The U.S. Court of Appeals for the Federal Circuit gave preclusive effect to a California divorce decree adjudicating ownership rights to the patents-in-suit and affirmed the district court’s denial of a defendant’s motion to dismiss the case for lack of standing. Enovsys LLC v. Nextel Communications, Inc., et al., Case No. 09-1167 (Fed. Cir., Aug. 3, 2010) (Prost, J.) (Newman, J., concurring-in-part, dissenting-in-part).
Mundi Fomukong is co-inventor of the two patents-in-suit covering systems for disclosing a mobile device’s location only to authorized requests. He conceived the inventions and filed the patent applications while married to Fonda Whitfield in California. One of the patents had already issued when the couple filed for divorce in 2001, while the other issued several months after the divorce was finalized in October 2002.
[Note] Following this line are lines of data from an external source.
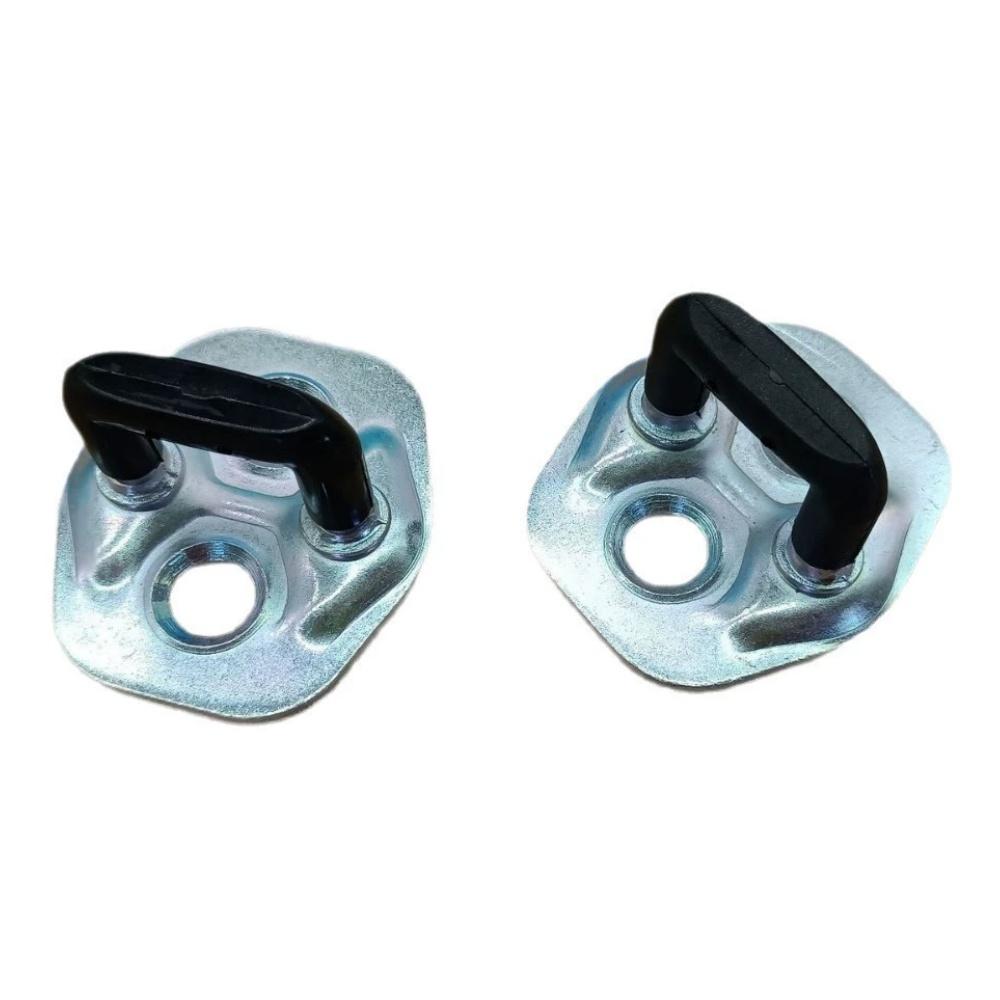 

2Pcs Door Lock Striker 80570-85E1A For Nissan
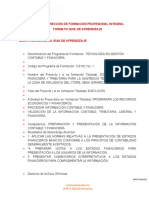 Guia de Estados Financieros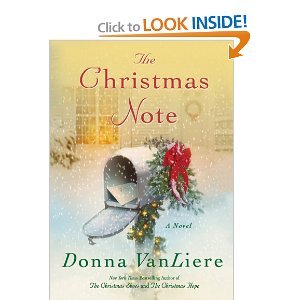 The Christmas Note 1617932442 Book Cover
In 2006, Fomukong and his co-inventor formed Enovsys and assigned ownership of the patents to the company. Enovsys subsequently filed a patent infringement suit against Sprint Nextel. Sprint Nextel moved to dismiss the case because Enovsys had failed to join Whitfield, who Sprint Nextel claimed still maintained an ownership interest in the patents-in-suit based on California’s community property laws. Whitfield had also assigned her interest in the patents to Sprint Nextel. The district court denied Sprint Nextel’s motion and concluded that Enovsys had full legal title to the patents. At trial, the jury found that Sprint Nextel infringed the patents in suit and that the patents were not invalid. Sprint Nextel appealed denial of its motion to dismiss for lack of standing, and denial of its post-verdict judgment as a matter of law (JMOL).
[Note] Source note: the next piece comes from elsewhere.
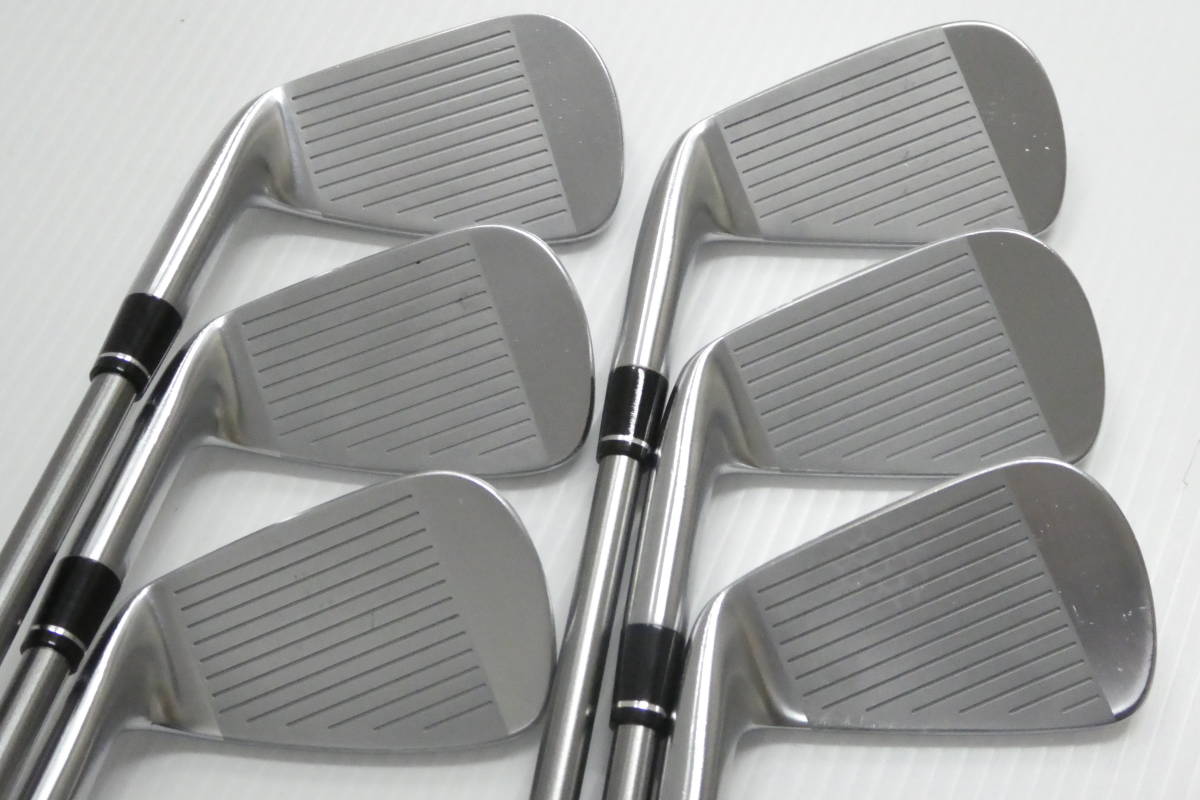 TOUR ホンマ アイアン WORLD TW737 Vs アイアンセット : 本間ゴルフ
The Federal Circuit affirmed, including on the issue of ownership and standing. Fomukong and Whitfield divorced each other by way of summary dissolution—California’s “quickie” divorce—in which there is no hearing or trial. Parties to summary dissolution must either affirm that they have no community property or sign a property settlement agreement listing all community assets and liabilities. Fomukong and Whitfield both checked the box on the petition stating they had no community property and failed to attach a property settlement agreement to their divorce petition. After a six-month waiting period, both parties signed the request to finalize the divorce.
Sprint Nextel argued that because the divorce decree did not expressly adjudicate community property rights, Whitfield maintained her ownership interest in the patents. The Federal Circuit disagreed, holding that the presumption that the patents were community property was overcome by the jointly filed divorce petition which affirmatively stated that Fomukong and Whitfield had no community property. The divorce decree, therefore, conclusively settled patent ownership in Fomukong’s favor, even though silent on the issue. The Court further held that the state divorce decree is entitled to res judicata effect and rejected Sprint Nextel’s attempt to relitigate Whitfield’s property rights to the patents. Therefore, Whitfield retained no ownership interest, and Enovsys had standing to bring and maintain the suit.